Set down the lines below, exactly, starting at the one that contains "凯发k8娱乐是国内平台?" and stopping at the last line, inclusive. Omit pictures.

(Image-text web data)
= = = =

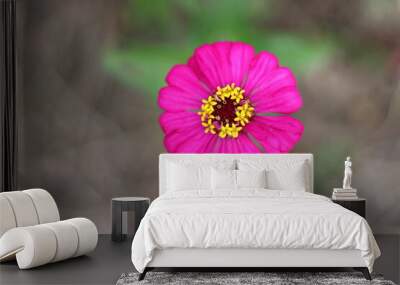 pink flower in the garden Wall mural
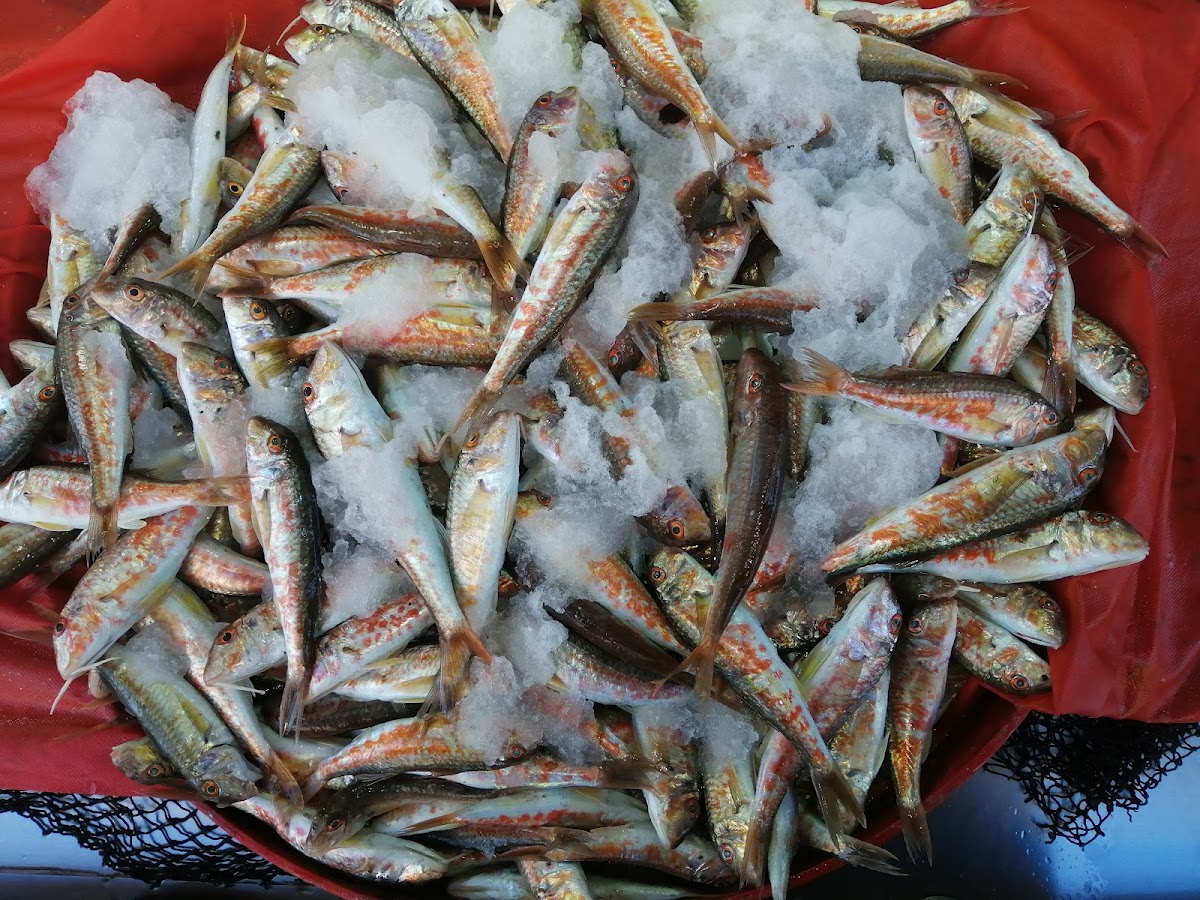 Kilcikk Balik Restaurant (Aytekin Sahin)-5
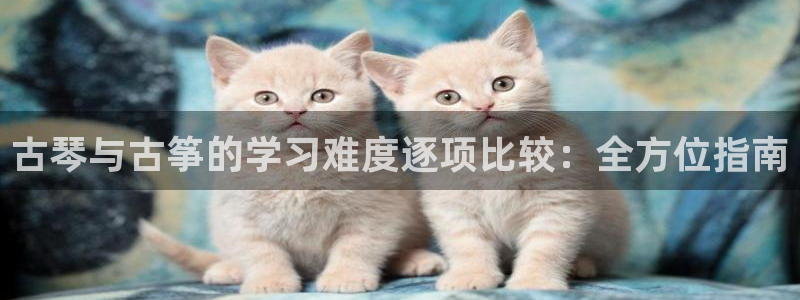 凯发k8娱乐是国内平台?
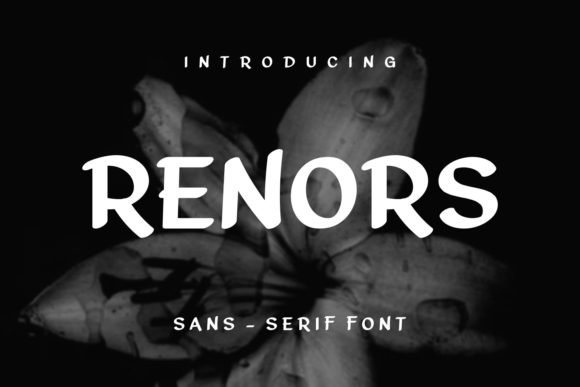 Renors Font: Elevating Editorial Layouts with Unique Sans Serif Style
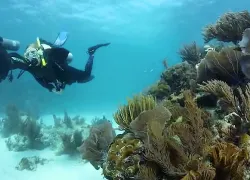 naui_certified_diver_video_teaser.jpg.webp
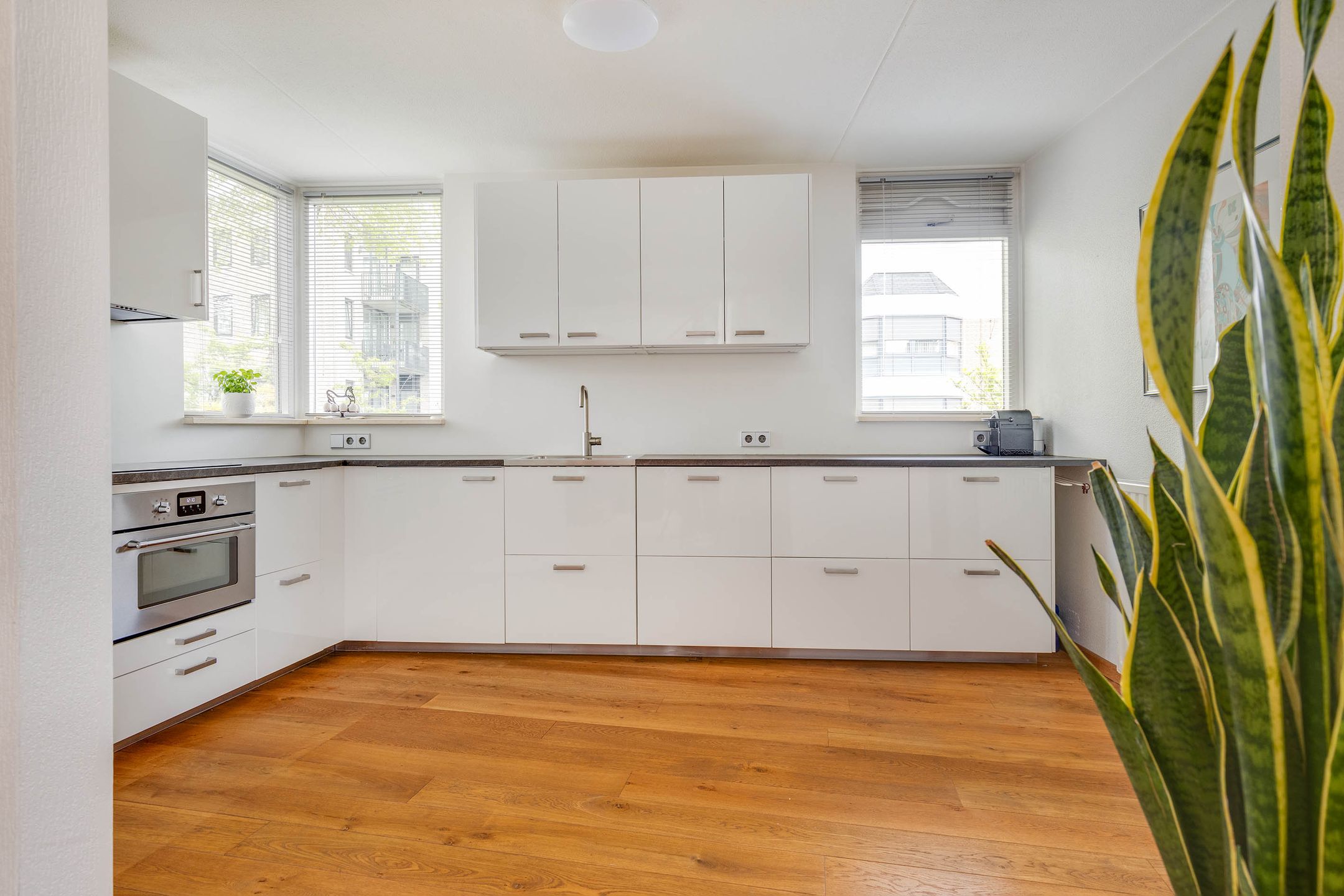 Foto 3 van Raadhuispark 8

= = = =

→ **Solution to this task**
 凯发k8娱乐是国内平台?
 Renors Font: Elevating Editorial Layouts with Unique Sans Serif Style
 naui_certified_diver_video_teaser.jpg.webp
 Foto 3 van Raadhuispark 8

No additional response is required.